To do. Copy out the data in full, keeping each line exactly as it reads.

Stored entries
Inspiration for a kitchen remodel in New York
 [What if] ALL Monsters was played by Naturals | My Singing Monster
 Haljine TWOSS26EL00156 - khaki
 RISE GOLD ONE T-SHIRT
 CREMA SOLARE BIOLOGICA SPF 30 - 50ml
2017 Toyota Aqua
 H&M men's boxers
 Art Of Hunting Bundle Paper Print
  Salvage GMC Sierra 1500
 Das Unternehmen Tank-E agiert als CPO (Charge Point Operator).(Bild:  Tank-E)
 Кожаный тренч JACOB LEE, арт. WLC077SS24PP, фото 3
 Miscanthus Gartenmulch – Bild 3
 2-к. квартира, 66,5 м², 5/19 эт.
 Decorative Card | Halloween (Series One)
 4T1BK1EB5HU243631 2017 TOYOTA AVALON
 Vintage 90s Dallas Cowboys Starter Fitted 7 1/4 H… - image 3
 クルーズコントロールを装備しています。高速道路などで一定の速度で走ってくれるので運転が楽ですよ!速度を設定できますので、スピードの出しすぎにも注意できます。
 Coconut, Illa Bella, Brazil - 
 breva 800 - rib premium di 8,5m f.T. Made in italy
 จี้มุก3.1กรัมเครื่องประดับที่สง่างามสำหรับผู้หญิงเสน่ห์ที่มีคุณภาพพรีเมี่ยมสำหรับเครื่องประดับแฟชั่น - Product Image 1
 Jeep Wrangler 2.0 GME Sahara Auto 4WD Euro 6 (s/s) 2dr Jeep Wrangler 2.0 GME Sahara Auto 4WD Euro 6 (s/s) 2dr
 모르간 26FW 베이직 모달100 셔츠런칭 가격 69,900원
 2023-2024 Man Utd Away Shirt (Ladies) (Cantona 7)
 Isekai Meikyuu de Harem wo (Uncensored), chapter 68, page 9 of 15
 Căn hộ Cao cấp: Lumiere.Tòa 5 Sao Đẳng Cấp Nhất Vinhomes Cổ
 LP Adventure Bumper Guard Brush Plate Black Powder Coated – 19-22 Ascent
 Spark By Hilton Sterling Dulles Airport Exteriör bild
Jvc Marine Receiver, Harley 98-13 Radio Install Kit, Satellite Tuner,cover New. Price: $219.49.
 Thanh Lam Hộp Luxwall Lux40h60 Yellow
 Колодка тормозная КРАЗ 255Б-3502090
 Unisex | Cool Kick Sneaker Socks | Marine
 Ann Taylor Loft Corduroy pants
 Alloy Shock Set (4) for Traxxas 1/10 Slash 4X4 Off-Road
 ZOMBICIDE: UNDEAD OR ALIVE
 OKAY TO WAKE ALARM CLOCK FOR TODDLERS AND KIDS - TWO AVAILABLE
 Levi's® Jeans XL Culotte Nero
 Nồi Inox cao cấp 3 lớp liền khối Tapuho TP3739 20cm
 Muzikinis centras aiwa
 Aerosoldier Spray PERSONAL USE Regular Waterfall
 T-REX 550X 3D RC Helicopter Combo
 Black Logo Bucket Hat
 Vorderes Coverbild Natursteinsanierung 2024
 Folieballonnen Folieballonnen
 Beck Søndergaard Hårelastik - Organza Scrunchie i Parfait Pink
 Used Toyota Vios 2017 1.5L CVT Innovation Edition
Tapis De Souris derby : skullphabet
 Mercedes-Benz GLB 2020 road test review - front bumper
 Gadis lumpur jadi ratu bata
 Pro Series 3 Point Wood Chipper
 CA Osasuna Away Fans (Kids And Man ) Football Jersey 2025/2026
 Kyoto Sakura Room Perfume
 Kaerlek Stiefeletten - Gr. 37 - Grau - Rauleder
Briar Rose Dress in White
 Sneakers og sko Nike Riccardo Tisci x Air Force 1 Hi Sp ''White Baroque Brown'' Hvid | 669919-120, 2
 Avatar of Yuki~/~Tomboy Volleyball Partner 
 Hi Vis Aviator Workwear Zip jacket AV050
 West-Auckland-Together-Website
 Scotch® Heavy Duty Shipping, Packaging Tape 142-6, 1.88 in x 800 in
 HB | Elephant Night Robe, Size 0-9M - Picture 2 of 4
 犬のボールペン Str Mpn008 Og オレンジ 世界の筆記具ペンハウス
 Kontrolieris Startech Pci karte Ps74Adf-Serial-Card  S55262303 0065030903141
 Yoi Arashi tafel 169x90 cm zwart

Answer for the task.
Inspiration for a kitchen remodel in New York
 [What if] ALL Monsters was played by Naturals | My Singing Monster
 Haljine TWOSS26EL00156 - khaki
 RISE GOLD ONE T-SHIRT
 CREMA SOLARE BIOLOGICA SPF 30 - 50ml
2017 Toyota Aqua
 H&M men's boxers
 Art Of Hunting Bundle Paper Print
  Salvage GMC Sierra 1500
 Das Unternehmen Tank-E agiert als CPO (Charge Point Operator).(Bild:  Tank-E)
 Кожаный тренч JACOB LEE, арт. WLC077SS24PP, фото 3
 Miscanthus Gartenmulch – Bild 3
 2-к. квартира, 66,5 м², 5/19 эт.
 Decorative Card | Halloween (Series One)
 4T1BK1EB5HU243631 2017 TOYOTA AVALON
 Vintage 90s Dallas Cowboys Starter Fitted 7 1/4 H… - image 3
 クルーズコントロールを装備しています。高速道路などで一定の速度で走ってくれるので運転が楽ですよ!速度を設定できますので、スピードの出しすぎにも注意できます。
 Coconut, Illa Bella, Brazil - 
 breva 800 - rib premium di 8,5m f.T. Made in italy
 จี้มุก3.1กรัมเครื่องประดับที่สง่างามสำหรับผู้หญิงเสน่ห์ที่มีคุณภาพพรีเมี่ยมสำหรับเครื่องประดับแฟชั่น - Product Image 1
 Jeep Wrangler 2.0 GME Sahara Auto 4WD Euro 6 (s/s) 2dr Jeep Wrangler 2.0 GME Sahara Auto 4WD Euro 6 (s/s) 2dr
 모르간 26FW 베이직 모달100 셔츠런칭 가격 69,900원
 2023-2024 Man Utd Away Shirt (Ladies) (Cantona 7)
 Isekai Meikyuu de Harem wo (Uncensored), chapter 68, page 9 of 15
 Căn hộ Cao cấp: Lumiere.Tòa 5 Sao Đẳng Cấp Nhất Vinhomes Cổ
 LP Adventure Bumper Guard Brush Plate Black Powder Coated – 19-22 Ascent
 Spark By Hilton Sterling Dulles Airport Exteriör bild
Jvc Marine Receiver, Harley 98-13 Radio Install Kit, Satellite Tuner,cover New. Price: $219.49.
 Thanh Lam Hộp Luxwall Lux40h60 Yellow
 Колодка тормозная КРАЗ 255Б-3502090
 Unisex | Cool Kick Sneaker Socks | Marine
 Ann Taylor Loft Corduroy pants
 Alloy Shock Set (4) for Traxxas 1/10 Slash 4X4 Off-Road
 ZOMBICIDE: UNDEAD OR ALIVE
 OKAY TO WAKE ALARM CLOCK FOR TODDLERS AND KIDS - TWO AVAILABLE
 Levi's® Jeans XL Culotte Nero
 Nồi Inox cao cấp 3 lớp liền khối Tapuho TP3739 20cm
 Muzikinis centras aiwa
 Aerosoldier Spray PERSONAL USE Regular Waterfall
 T-REX 550X 3D RC Helicopter Combo
 Black Logo Bucket Hat
 Vorderes Coverbild Natursteinsanierung 2024
 Folieballonnen Folieballonnen
 Beck Søndergaard Hårelastik - Organza Scrunchie i Parfait Pink
 Used Toyota Vios 2017 1.5L CVT Innovation Edition
Tapis De Souris derby : skullphabet
 Mercedes-Benz GLB 2020 road test review - front bumper
 Gadis lumpur jadi ratu bata
 Pro Series 3 Point Wood Chipper
 CA Osasuna Away Fans (Kids And Man ) Football Jersey 2025/2026
 Kyoto Sakura Room Perfume
 Kaerlek Stiefeletten - Gr. 37 - Grau - Rauleder
Briar Rose Dress in White
 Sneakers og sko Nike Riccardo Tisci x Air Force 1 Hi Sp ''White Baroque Brown'' Hvid | 669919-120, 2
 Avatar of Yuki~/~Tomboy Volleyball Partner 
 Hi Vis Aviator Workwear Zip jacket AV050
 West-Auckland-Together-Website
 Scotch® Heavy Duty Shipping, Packaging Tape 142-6, 1.88 in x 800 in
 HB | Elephant Night Robe, Size 0-9M - Picture 2 of 4
 犬のボールペン Str Mpn008 Og オレンジ 世界の筆記具ペンハウス
 Kontrolieris Startech Pci karte Ps74Adf-Serial-Card  S55262303 0065030903141
 Yoi Arashi tafel 169x90 cm zwart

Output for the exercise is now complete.